Nessa grimaced as she checked the rearview mirror to see the child’s reaction. Her own daughters would have been horrified at that age. Jordan and Breanna were wonderful girls, and tough as nails in their own right, but they avoided death like regular humans. Nessa had known early on that neither of them had inherited the gift. Sure enough, they’d found out a couple of years back that it had passed to her niece, Sage, instead. On the morning of her twelfth birthday party, the girl had discovered a woman’s body floating facedown in a pool in suburban Atlanta. The woman’s husband was arrested for murder before Sage had taken her first bite of birthday cake.
Lucy was peering up at her mother. She didn’t appear bothered at all. “Do you think the anus thing would make a good science fair experiment?”
“Where would we get a corpse?” her mom asked.
“Maybe Nessa knows,” Harriett quipped.
In the driver’s seat, Nessa cleared her throat, uncomfortable.
“Do you really know where to get a dead body?” the girl asked.
“Lucy,” Jo laughed nervously, “Harriett was kidding again.”
The woman in the passenger seat smiled slyly and left it at that.
Traffic slowed as they approached Lucy’s elementary school. The sidewalks were filled with parents and children who lived close enough to walk. One of the moms caught sight of Harriett first and stopped dead in her tracks. Several kids plowed into her. Soon an entire line of pedestrians had turned to face the road. When Harriett greeted the crowd with a royal wave, most of the adults seemed embarrassed. The kids went wild and waved back.
Nessa giggled. “You’re famous, Harriett.”
“So it seems,” Harriett replied.
“OMG, I’m going to be the most popular girl in school today.” Lucy was beaming as Nessa pulled up to the drop-off point.
Harriett turned around and gave her a wink. “Tell your classmates they’re welcome to visit me anytime. I’ve always adored children. They’re absolutely delicious.”
For as long as anyone could remember, there had never been anything along Danskammer Beach but sand and scrub. A thin barrier island just off the main island’s south shore, it disappeared beneath waves during any strong storm. The stretch of ocean it faced was no good for swimming, and the lonely five-mile road that ran beside the beach was often closed for repairs.

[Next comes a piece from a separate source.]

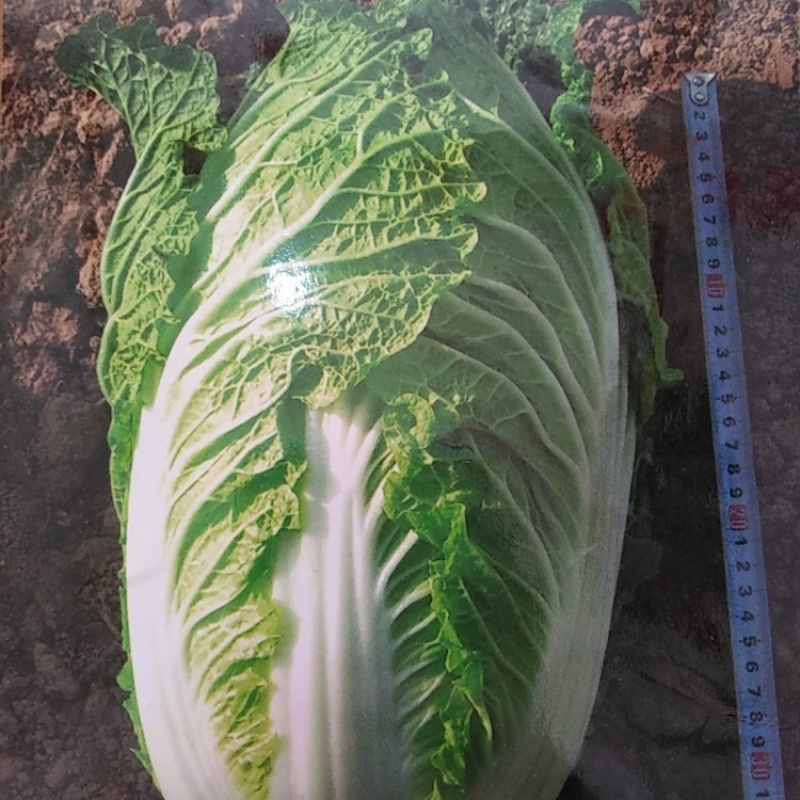 白菜苗茎粗叶绿、无病虫、根系发达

At the far end of the island, just outside Mattauk city limits, the road passed over a bridge before swerving inland away from the sea. On the far side of the bridge, a tall steel gate blocked the sole entrance to a long, narrow stretch of land that jutted out into the water. The only people allowed access were the owners of the mansions in a community known as Culling Pointe. Before Memorial Day, the Pointe was a ghost town. Even during the summer, it was easy to forget anyone was out there. Occasionally one would spot a perfectly groomed woman browsing the shops in Mattauk. But for the most part, the millionaires and billionaires kept to themselves—and kept Mattauk’s full-time residents out of Culling Pointe.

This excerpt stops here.